It's a family affair
Israeli society accepts the improper conduct of its leaders as long as it is not translated into formal indictments. The public does not impose social sanctions on them and does not exact moral demands of men who appear to be the cause of their sons' entanglement in wrongdoings.
The Talmud tells us that Rabbi Tarfon's mother went for a stroll in her backyard when her shoes came undone. "Rabbi Tarfon walked up to her and placed his hands under her feet, and she walked on his hands all the way to her bed." This is how much he respected the commandment of honoring thy mother and father.
However, it is doubtful if these days the rabbi could emulate the enthusiasm of children of public figures in taking responsibility and even facing charges for criminal actions attributed to their parents.
Meir Amar, the son of Chief Rabbi Shlomo Amar, did the dirty work required to keep his sister's suitor away from her, by force. He was so devoted to the task that he is suspected of being involved in criminal acts. So is the rabbi's wife. The two are now expected to face prosecution, as the police recommend. The chief rabbi, on the other hand, emerged squeaky clean from the investigation - he did not know, did not see and did not hear what was going on in his own home. That's how it is when the family protects its loved one and stands as a buffer between him and the nonsense of this world.
A similar thing happened in Ariel Sharon's family. Sons Gilad and Omri took responsibility for suspicious conduct also attributed to their father. According to their versions, he did not deal with allegedly improper fund-raising for his Likud primaries campaign, nor was he involved in the circular deal intended to reverse this money flow. He was also not involved at all in the ties between his son Gilad and businessman David Appel, which resulted in the son's pocketing huge sums in what was dubbed the Greek island affair.

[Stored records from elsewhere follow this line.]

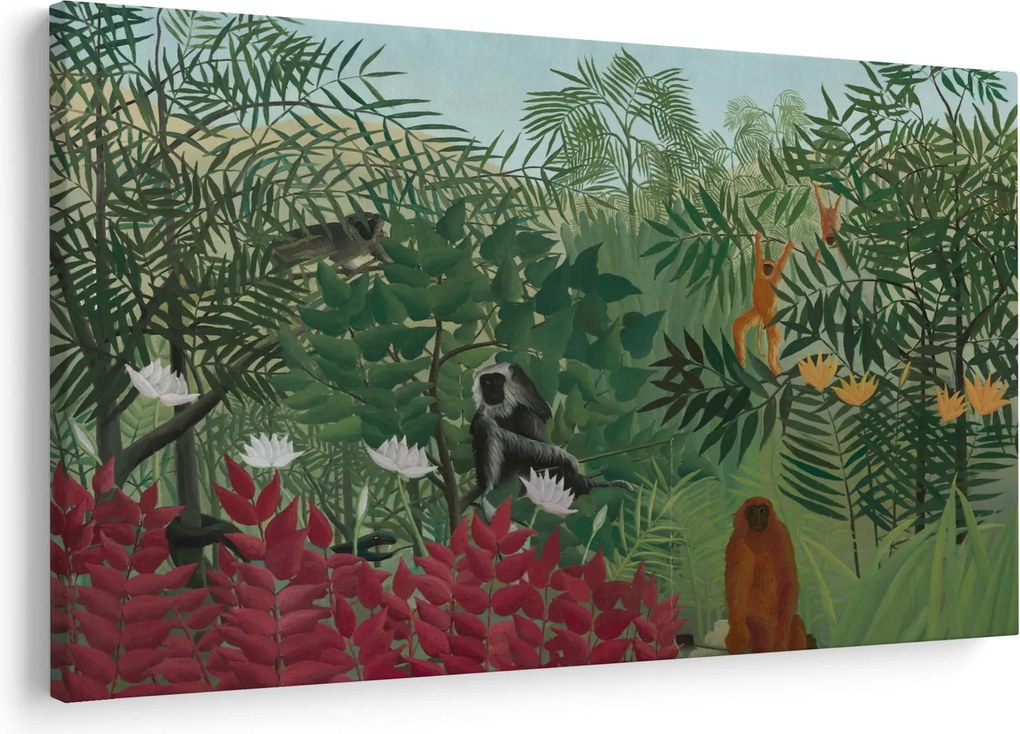 Tablou - Henri Rousseau, Tropical Forest with Monkeys, reproducere (90x60 cm)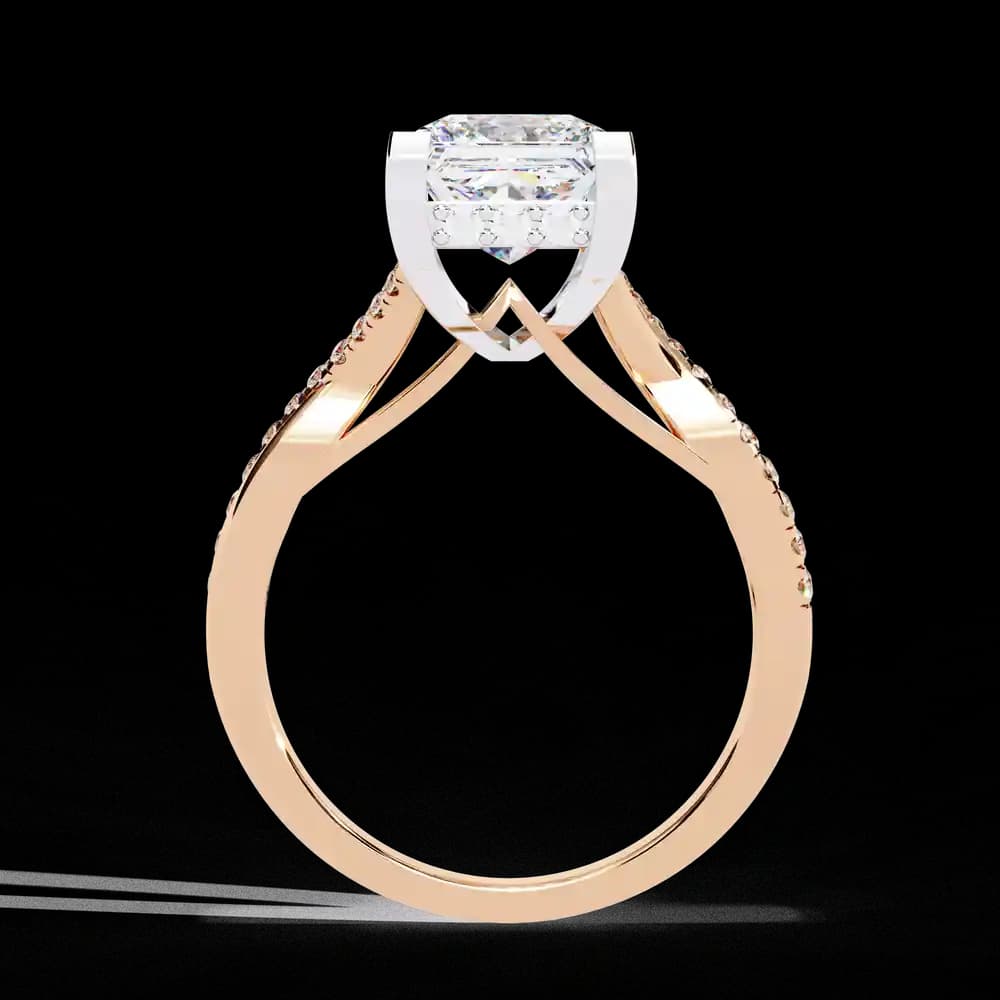 Ternate Twisted Princess Lab Grown Diamond Ring - Image 9 Ternate Twisted Princess Lab Grown Diamond Ring, view 9 of 13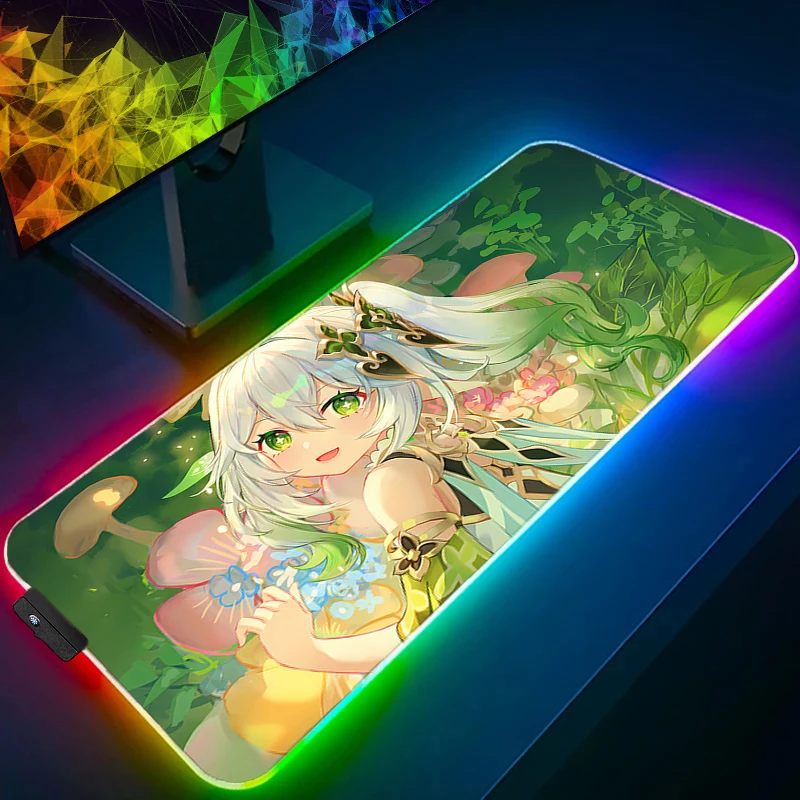 Mouse pad acessórios para jogos rgb computador gamer teclado almofada genshin impacto nahida mesa mouse tapete led pc plantas verdes mousepad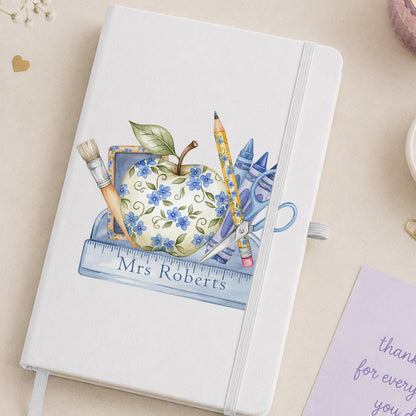 Personalised thank you teacher notebook with floral school stationery design
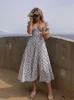 Robes Décontractées NCLAGEN Boho Charme Imprimé Floral Vacances Manches Bouffantes Fente Vestidos Femmes Summer Party Club Vintage Longue Robe 230217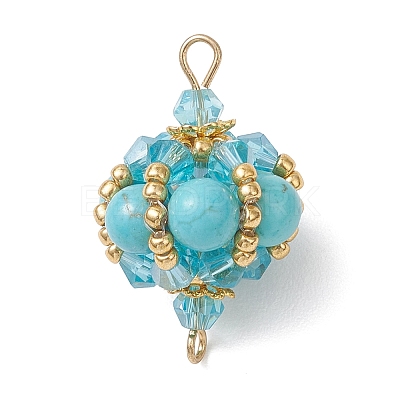 Synthetic Turquoise Round and Glass Seed Beaded Lantern Links Connector Charms PALLOY-MZ01176-05-1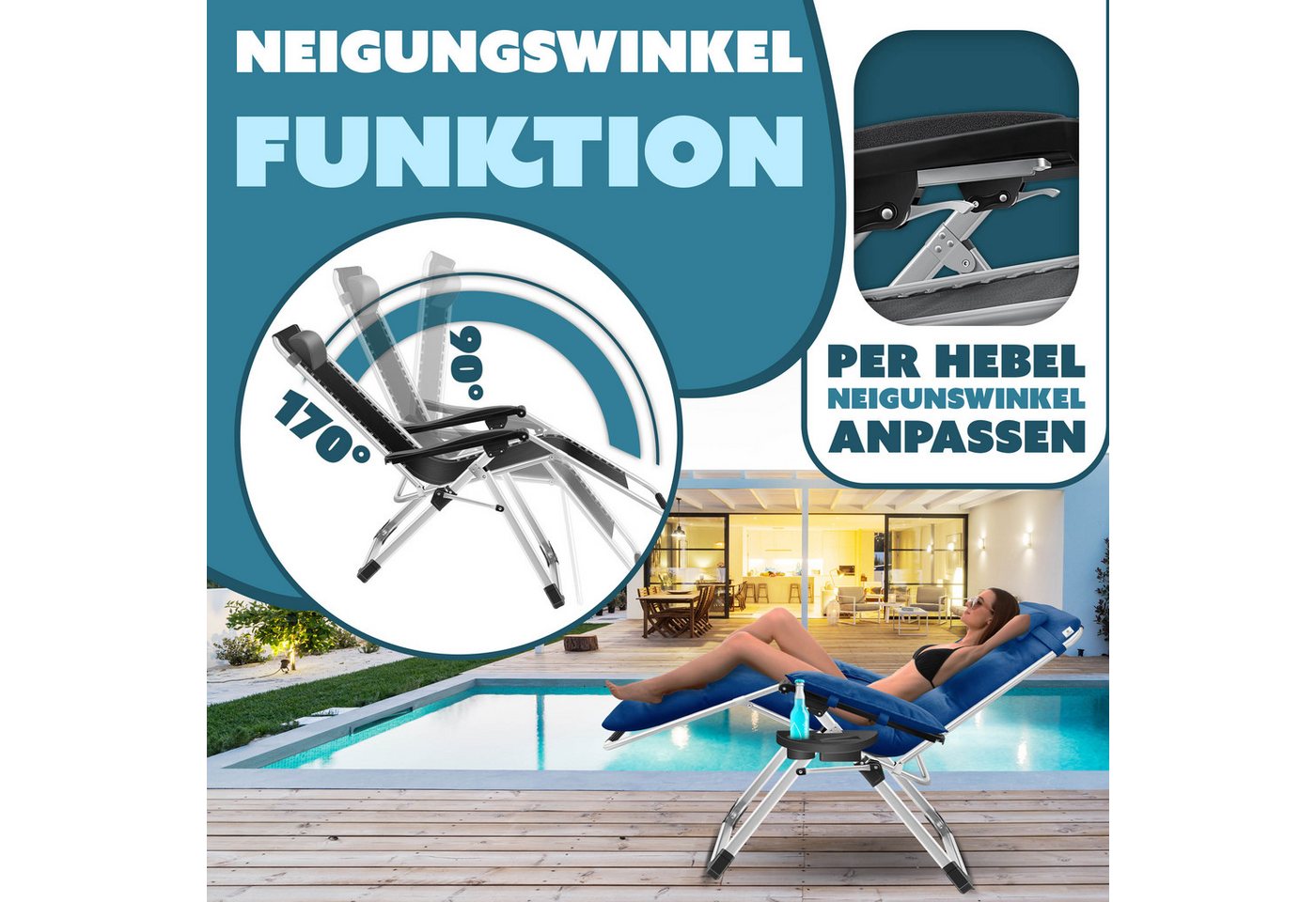 KESSER Sonnenliege Klappbar Basic Rückenlehne Verstellbar Navyblau Bild 2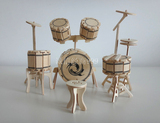 正品四联木制仿真模型 木质3d立体拼图 乐器模型 爵士鼓 架子鼓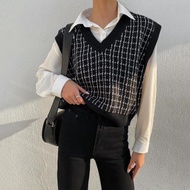 Msfancy Plaid Sweater Vest Women Harajuru Style V-neck Sleeveless Knitted Pullover  Fall Casual Femme Tops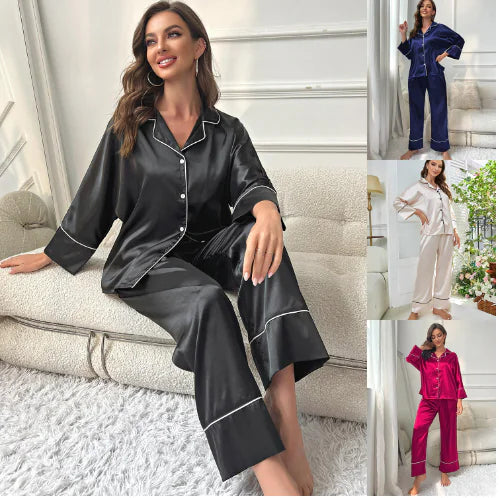 Ladies Plus Size Satin Pyjamas
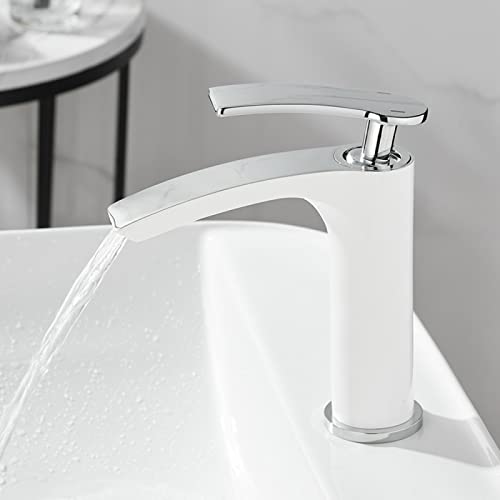 Grifo de baño cascada de latón con mezclador monomando corto para agua caliente y fría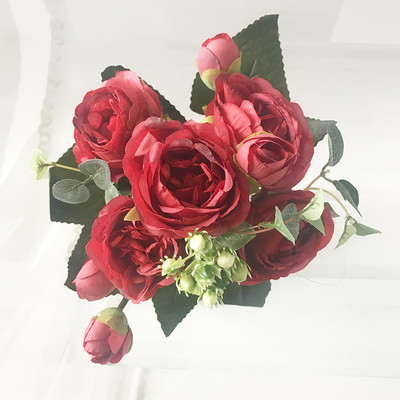 piros művirágok bazsarózsa tearózsa őszi selyem hamis virágok barkácsolás nappaliba Otthoni kert Esküvői dekoráció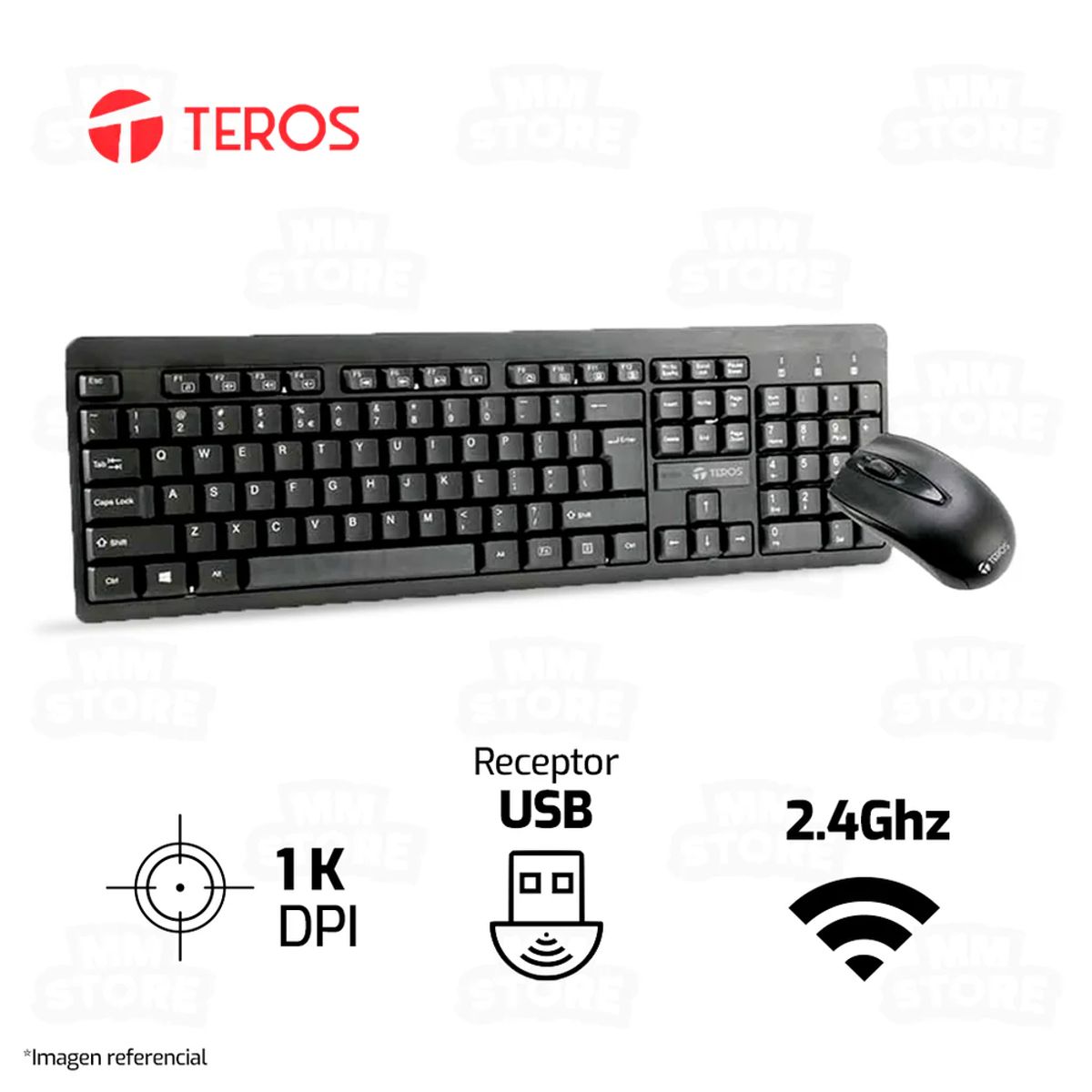 TEROS - KIT INALAMBRICO TECLADO + MOUSE TEROS TE-4061N NEGRO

We are expected to believe that in this closely knit family, with a son living on his father's ranch, there is a complete severance among the members when it comes to deals that the police are investigating. After all, the attorney general ruled that there is insufficient evidence to indict any member of the Sharon family on suspicions regarding the Greek island affair. As for allegations of improper election funding, he ruled that the son Omri is the sole defendant.
What a delightful spectacle: This is indeed an extreme case of honoring parents. The children of public figures stand like a defensive wall to shield their parents from the fear of the law. This seemingly noble behavior meets with no criticism although everyone knows what's happening. As soon as the formal suspicion is removed, the public figures may continue serving in their lofty positions as though nothing happened.
In this, as in other instances, Israeli society accepts the improper conduct of its leaders as long as it is not translated into formal indictments. The public does not impose social sanctions on them and does not exact moral demands of men who appear to be the cause of their sons' entanglement in wrongdoings.
There once was an Israeli prime minister whose wife was caught holding a forbidden account in an overseas bank. He stepped forward and announced his resignation, although the account was on his wife's name and no one attributed the offense to him. Yitzhak Rabin acted in the spirit of Prophet Ezekiel's prophecy: "The son shall not bear the iniquity of the father, neither shall the father bear the iniquity of the son" (Ezekiel 18:20). Israel's incumbent leaders do not appear to be waiting for this prophecy to come true.